Companion legislation was also introduced in the Senate today by Senators Tom Carper (D-DE), John Kennedy (R-LA), Gary Peters (D-MI) and Claire McCaskill (D-MO).
“Taxpayers deserve to know that we’re protecting their hard earned dollars and I can’t think of a more egregious example of government waste than writing checks to dead people,” said Congresswoman Cheri Bustos. “Our legislation will cut through government red tape and deliver real reforms to prevent waste, fraud and abuse of tax dollars by streamlining the way federal agencies share information. I’m proud to be working with Democrats and Republicans to solve this problem.”
“The federal government makes billions of dollars in improper payments each year, including Social Security payments to deceased beneficiaries. This bipartisan measure will slash through red tape in the federal bureaucracy to reduce waste, fraud, and abuse and protect taxpayer money. We must give the Social Security Administration more tools to ensure the federal government isn’t paying benefits to deceased people,” Congressman Gianforte said.
“Year after year, we have heard about a fundamental set of problems with how government agencies keep track of deceased individuals,” said Senator Carper. “This legislation would take a number of common-sense steps to fix those problems and, in return, curb hundreds of millions, if not billions of dollars, in improper payments to people who are ineligible for federal benefits because they are dead. Simply put, we need to sharpen our pencils and stop making the kind of expensive, avoidable mistakes that lead to wasteful spending and make our agencies and programs vulnerable to fraud and abuse. I look forward to working with Senators Kennedy, McCaskill and Peters, and our colleagues in the House and Senate to advance this bill and prevent improper payments to dead people in the future.”
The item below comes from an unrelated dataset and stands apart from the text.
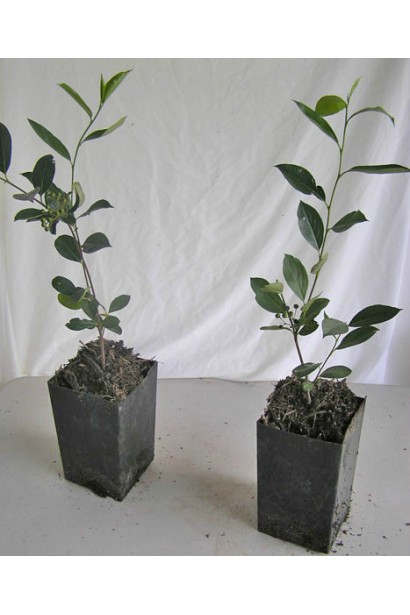 Горобина / Аронія чорноплідна – корисна для здоров’я рослина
“Taxpayer dollars are precious. They’re almost as precious as a newborn baby. We need to be wise stewards of those dollars, especially when we’re struggling with the federal debt so much that we may have to change the Treasury Department’s name to the Debt Department,” said Sen. Kennedy. “One simple fix would be to stop paying dead people. An Algiers woman was just indicted for collecting almost $300,000 in Social Security payments meant for her mother who’s been dead for nearly 10 years. That money never should have been sent in the first place. This goes beyond party politics, and it needs to stop.”
Stopping Improper Payments to Deceased People Act
The Social Security Administration (SSA) maintains the most complete federal database of individuals who are reported to have died. However, only a small number of federal agencies have access to this official list, and most federal agencies rely on a slimmed down, incomplete, and less timely version of the death information for program integrity purposes. Further, most agency Inspectors General lack access to the complete death information. As a result, many federal agencies make erroneous payments to people who are actually deceased.
The Stopping Improper Payments to Deceased People Act seeks to curb improper payments to deceased individuals and provide agencies with more accurate data to accomplish their missions through greater data sharing between agencies. The legislation would build upon improper payment laws by granting federal agencies access to more accurate and complete lists of deceased individuals.
The legislation is based on recommendations and findings by federal agencies’ Inspectors General, recommendations from the Government Accountability Office, Fiscal Year 2018 Budget proposal and testimony at Congressional hearings examining the challenges of improper payments to deceased individuals.
The legislation will:
- Allow Federal Agencies Access to the Complete Death Database. Under current law, only federal agencies that directly manage programs making beneficiary payments have access to complete death data. The Act would allow all appropriate federal agencies to have access to complete death data for program integrity purposes, as well as other needs such as public safety and health.
- Require Use of Death Data to Curb Improper Payments. The bill requires the Office of Management and Budget to issue guidance to agencies on the use of death data to curb improper payments. OMB is also required to develop plans on how to improve federal data sharing with state and local agencies. This could save hundreds of millions of dollars in improper payments.
- Improve Death Data. The legislation would establish procedures to ensure more accurate death data. For example, the bill requires the SSA to screen for “extremely elderly” individuals. This is in response to a 2015 Inspector General Report that identified 6.5 million individuals currently listed as being older than 112 years of age as still alive.